When you reach the line containing "Rear view of", please repeat it and every line after it exactly, through the end of the listing below, skipping pictures.

####################

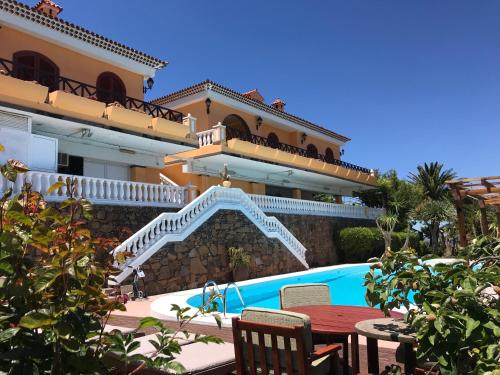 a villa with a swimming pool and a house at Chalets Rurales Bentayga in Tejeda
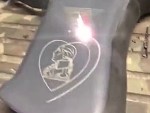 Pistol Grip Being Etched By Laser
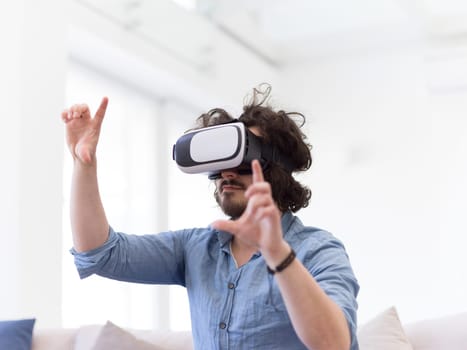 happy man getting experience using VR-headset glasses of virtual reality at home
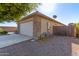 Rear view of a one-story house with a two-car garage at 41547 W Cheyenne Ct, Maricopa, AZ 85138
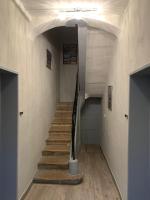 a hallway with a staircase in a building at Appartement rez de chaussée Gold beach in Bayeux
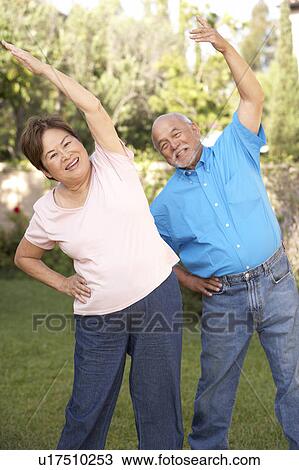 Senior Couple Exercising In Garden View Large Photo Image Stock Image - Senior Couple Exercising In Garden. Fotosearch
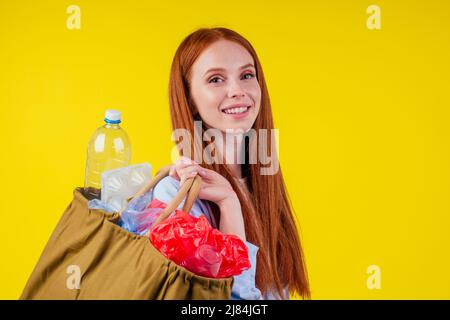 Schöne rothaarige Ginder glückliche Frau hält Baumwolle Öko-Beutel mit Sortierung Papierkorb: Plastikflasche, Einweg-Paket im Studio gelben Hintergrund Stockfoto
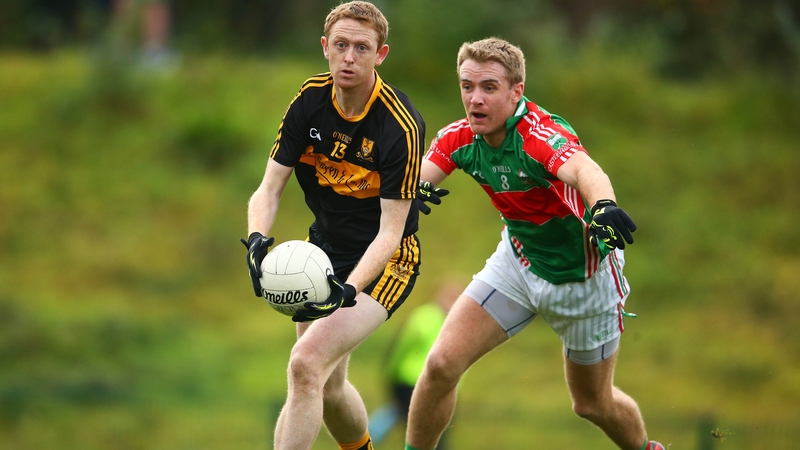 Colm Cooper under pressure from Noel McGrath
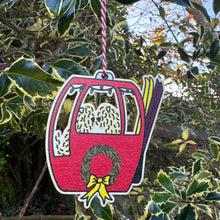 Load image into Gallery viewer, christmas decoration in the shape of a gondola with two soft coated wheaten terriers in. Two sets of skis. Wreath on front. 
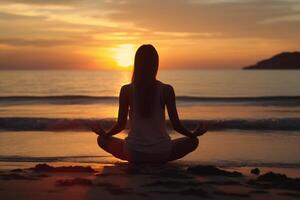 silueta de joven mujer practicando yoga y meditando a línea costera playa. foto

####################

**Output for this exercise:**
 Rear view of a one-story house with a two-car garage at 41547 W Cheyenne Ct, Maricopa, AZ 85138
 a hallway with a staircase in a building at Appartement rez de chaussée Gold beach in Bayeux
 Senior Couple Exercising In Garden View Large Photo Image Stock Image - Senior Couple Exercising In Garden. Fotosearch
 Schöne rothaarige Ginder glückliche Frau hält Baumwolle Öko-Beutel mit Sortierung Papierkorb: Plastikflasche, Einweg-Paket im Studio gelben Hintergrund Stockfoto
 Colm Cooper under pressure from Noel McGrath
 Load image into Gallery viewer, christmas decoration in the shape of a gondola with two soft coated wheaten terriers in. Two sets of skis. Wreath on front. 
 silueta de joven mujer practicando yoga y meditando a línea costera playa. foto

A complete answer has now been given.